GOAL OF THE EXERCISE: Reproduce precisely the lines between the start of the data below and the line with "MARIN Wildcat Trail", both included.

Caption-style text data
* * *

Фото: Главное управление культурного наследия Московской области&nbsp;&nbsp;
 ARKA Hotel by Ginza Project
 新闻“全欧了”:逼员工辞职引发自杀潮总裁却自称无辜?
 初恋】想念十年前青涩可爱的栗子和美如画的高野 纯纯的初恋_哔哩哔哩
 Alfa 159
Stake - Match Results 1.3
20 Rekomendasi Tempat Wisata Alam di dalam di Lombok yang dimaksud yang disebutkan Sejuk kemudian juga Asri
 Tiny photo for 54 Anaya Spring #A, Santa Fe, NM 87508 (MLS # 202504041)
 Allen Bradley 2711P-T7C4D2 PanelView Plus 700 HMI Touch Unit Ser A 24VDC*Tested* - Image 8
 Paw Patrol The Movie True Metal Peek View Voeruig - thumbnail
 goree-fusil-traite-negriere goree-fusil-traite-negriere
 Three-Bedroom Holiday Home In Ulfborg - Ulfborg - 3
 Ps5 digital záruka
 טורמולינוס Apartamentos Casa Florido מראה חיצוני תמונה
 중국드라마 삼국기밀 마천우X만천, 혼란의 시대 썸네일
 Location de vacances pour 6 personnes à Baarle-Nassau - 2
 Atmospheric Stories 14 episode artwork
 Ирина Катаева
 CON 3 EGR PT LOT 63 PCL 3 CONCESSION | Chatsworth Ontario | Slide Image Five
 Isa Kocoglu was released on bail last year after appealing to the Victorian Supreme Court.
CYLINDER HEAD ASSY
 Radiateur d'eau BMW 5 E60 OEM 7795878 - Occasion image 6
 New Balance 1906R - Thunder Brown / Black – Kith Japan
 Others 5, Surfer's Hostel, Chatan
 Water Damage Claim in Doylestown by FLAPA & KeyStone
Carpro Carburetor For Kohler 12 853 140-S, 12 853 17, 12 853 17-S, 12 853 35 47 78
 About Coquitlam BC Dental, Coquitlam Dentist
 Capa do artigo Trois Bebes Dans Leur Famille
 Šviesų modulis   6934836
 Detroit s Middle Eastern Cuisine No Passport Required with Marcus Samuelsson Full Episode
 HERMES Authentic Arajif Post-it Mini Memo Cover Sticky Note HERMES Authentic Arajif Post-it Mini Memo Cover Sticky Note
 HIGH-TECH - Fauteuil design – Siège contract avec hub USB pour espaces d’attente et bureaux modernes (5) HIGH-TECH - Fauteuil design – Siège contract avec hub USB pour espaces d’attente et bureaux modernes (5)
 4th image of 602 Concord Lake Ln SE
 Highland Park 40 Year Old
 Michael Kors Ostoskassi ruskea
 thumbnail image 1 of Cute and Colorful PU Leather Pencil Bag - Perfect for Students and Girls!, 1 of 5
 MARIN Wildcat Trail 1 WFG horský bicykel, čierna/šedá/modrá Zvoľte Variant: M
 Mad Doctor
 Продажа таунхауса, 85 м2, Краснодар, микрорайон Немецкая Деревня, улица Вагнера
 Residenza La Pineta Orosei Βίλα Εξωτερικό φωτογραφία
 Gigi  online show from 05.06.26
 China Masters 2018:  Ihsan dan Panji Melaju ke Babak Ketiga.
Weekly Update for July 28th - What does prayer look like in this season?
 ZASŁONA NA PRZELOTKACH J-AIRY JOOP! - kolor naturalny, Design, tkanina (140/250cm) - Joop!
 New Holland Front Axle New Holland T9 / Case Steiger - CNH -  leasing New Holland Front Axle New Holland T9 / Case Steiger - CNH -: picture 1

* * *

WRITTEN ANSWER:
Фото: Главное управление культурного наследия Московской области&nbsp;&nbsp;
 ARKA Hotel by Ginza Project
 新闻“全欧了”:逼员工辞职引发自杀潮总裁却自称无辜?
 初恋】想念十年前青涩可爱的栗子和美如画的高野 纯纯的初恋_哔哩哔哩
 Alfa 159
Stake - Match Results 1.3
20 Rekomendasi Tempat Wisata Alam di dalam di Lombok yang dimaksud yang disebutkan Sejuk kemudian juga Asri
 Tiny photo for 54 Anaya Spring #A, Santa Fe, NM 87508 (MLS # 202504041)
 Allen Bradley 2711P-T7C4D2 PanelView Plus 700 HMI Touch Unit Ser A 24VDC*Tested* - Image 8
 Paw Patrol The Movie True Metal Peek View Voeruig - thumbnail
 goree-fusil-traite-negriere goree-fusil-traite-negriere
 Three-Bedroom Holiday Home In Ulfborg - Ulfborg - 3
 Ps5 digital záruka
 טורמולינוס Apartamentos Casa Florido מראה חיצוני תמונה
 중국드라마 삼국기밀 마천우X만천, 혼란의 시대 썸네일
 Location de vacances pour 6 personnes à Baarle-Nassau - 2
 Atmospheric Stories 14 episode artwork
 Ирина Катаева
 CON 3 EGR PT LOT 63 PCL 3 CONCESSION | Chatsworth Ontario | Slide Image Five
 Isa Kocoglu was released on bail last year after appealing to the Victorian Supreme Court.
CYLINDER HEAD ASSY
 Radiateur d'eau BMW 5 E60 OEM 7795878 - Occasion image 6
 New Balance 1906R - Thunder Brown / Black – Kith Japan
 Others 5, Surfer's Hostel, Chatan
 Water Damage Claim in Doylestown by FLAPA & KeyStone
Carpro Carburetor For Kohler 12 853 140-S, 12 853 17, 12 853 17-S, 12 853 35 47 78
 About Coquitlam BC Dental, Coquitlam Dentist
 Capa do artigo Trois Bebes Dans Leur Famille
 Šviesų modulis   6934836
 Detroit s Middle Eastern Cuisine No Passport Required with Marcus Samuelsson Full Episode
 HERMES Authentic Arajif Post-it Mini Memo Cover Sticky Note HERMES Authentic Arajif Post-it Mini Memo Cover Sticky Note
 HIGH-TECH - Fauteuil design – Siège contract avec hub USB pour espaces d’attente et bureaux modernes (5) HIGH-TECH - Fauteuil design – Siège contract avec hub USB pour espaces d’attente et bureaux modernes (5)
 4th image of 602 Concord Lake Ln SE
 Highland Park 40 Year Old
 Michael Kors Ostoskassi ruskea
 thumbnail image 1 of Cute and Colorful PU Leather Pencil Bag - Perfect for Students and Girls!, 1 of 5
 MARIN Wildcat Trail 1 WFG horský bicykel, čierna/šedá/modrá Zvoľte Variant: M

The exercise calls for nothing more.